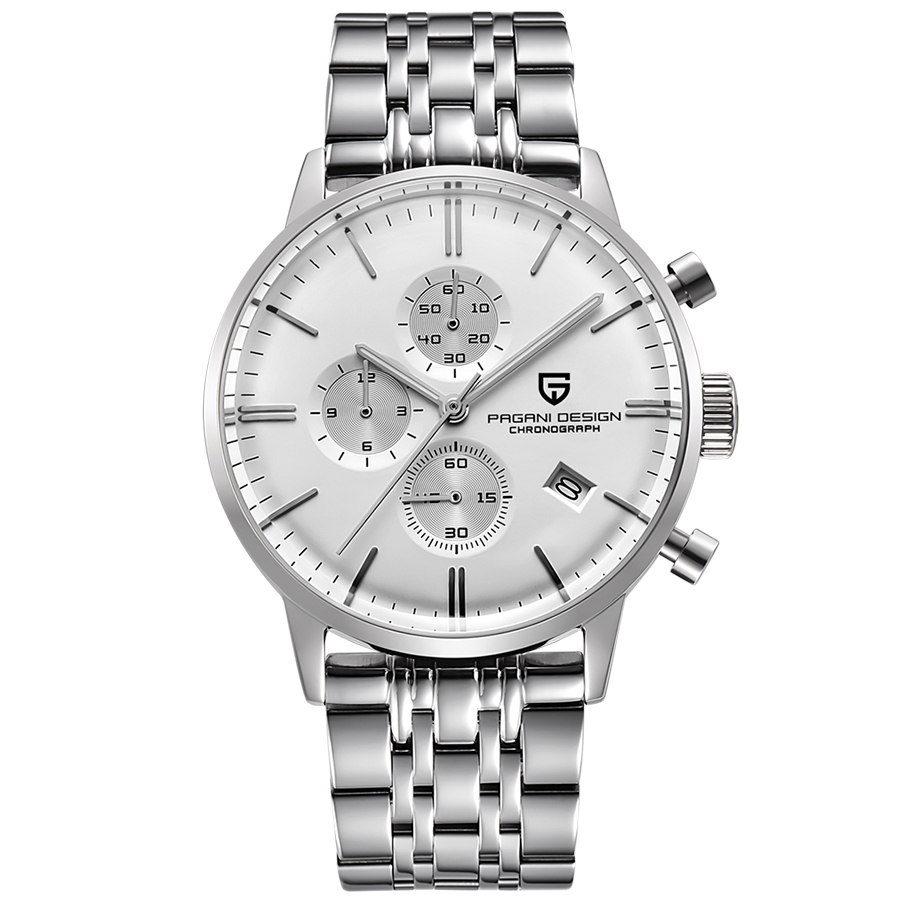 PAGANI DESIGN PD-2720 Luxury Men's Watches Genuine Leather Strap Stainless Steel Case Waterproof VK67 Quartz Wrist Watch for Men Chronograph Auto Date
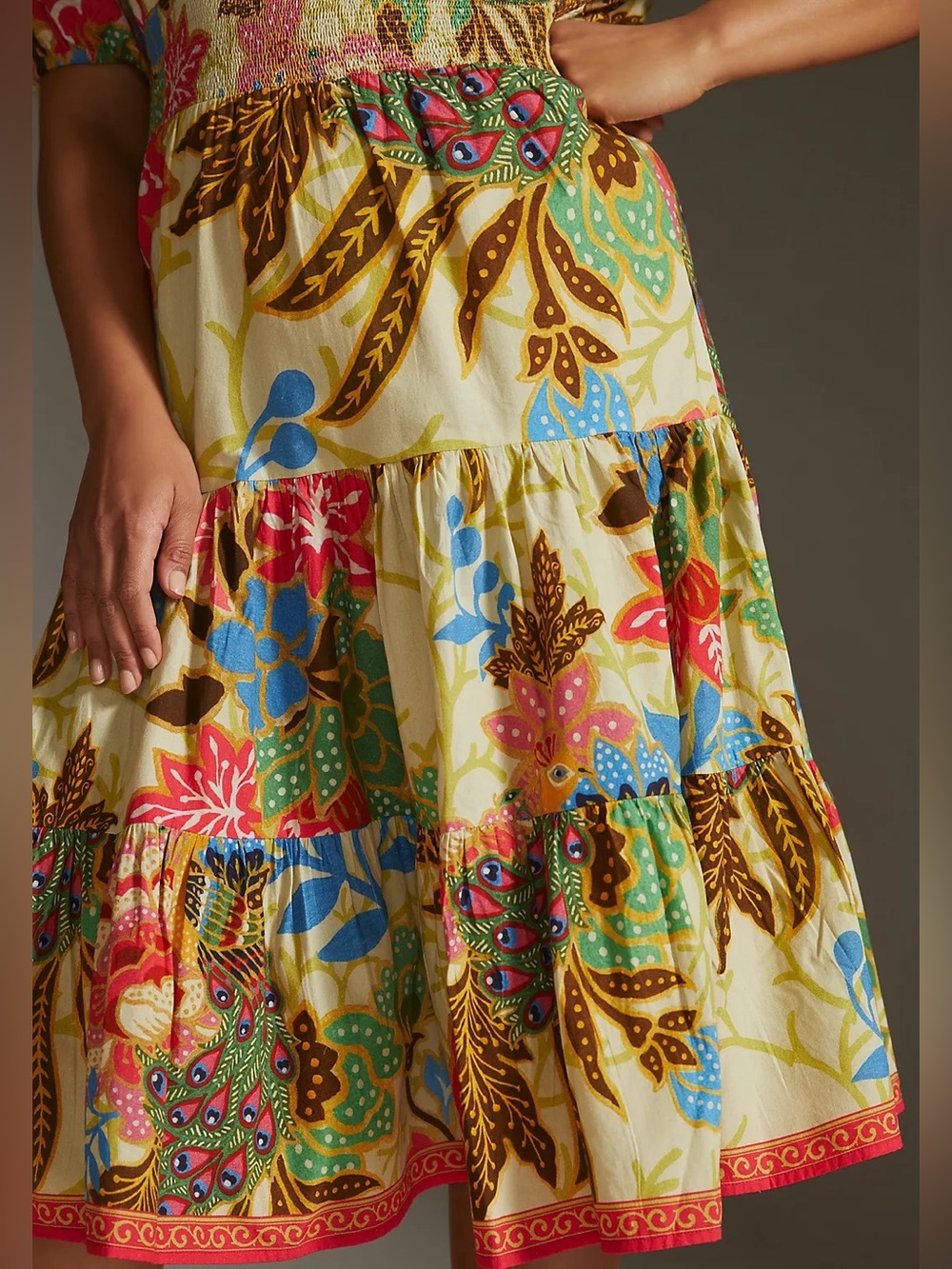 Conditions Apply for Anthropologie Multicolor Floral Tiered Maxi Dress size 14 - Picture 4 of 15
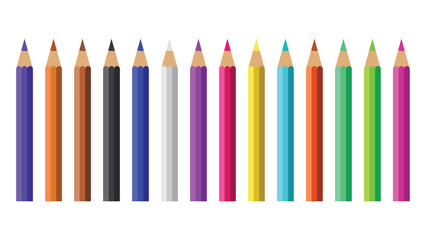 Set of colorful school and art supplies.The design shows a row of colored pencils in various colors, including black, blue, green, yellow, pink, and more.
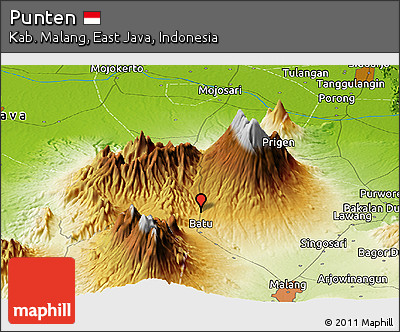 Physical Panoramic Map of Punten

__Instructions for the task__
Reproduce the listing exactly. Do not include its images.

__Answer section__
 PAGANI DESIGN PD-2720 Luxury Men's Watches Genuine Leather Strap Stainless Steel Case Waterproof VK67 Quartz Wrist Watch for Men Chronograph Auto Date
 Conditions Apply for Anthropologie Multicolor Floral Tiered Maxi Dress size 14 - Picture 4 of 15
 Set of colorful school and art supplies.The design shows a row of colored pencils in various colors, including black, blue, green, yellow, pink, and more.
 Physical Panoramic Map of Punten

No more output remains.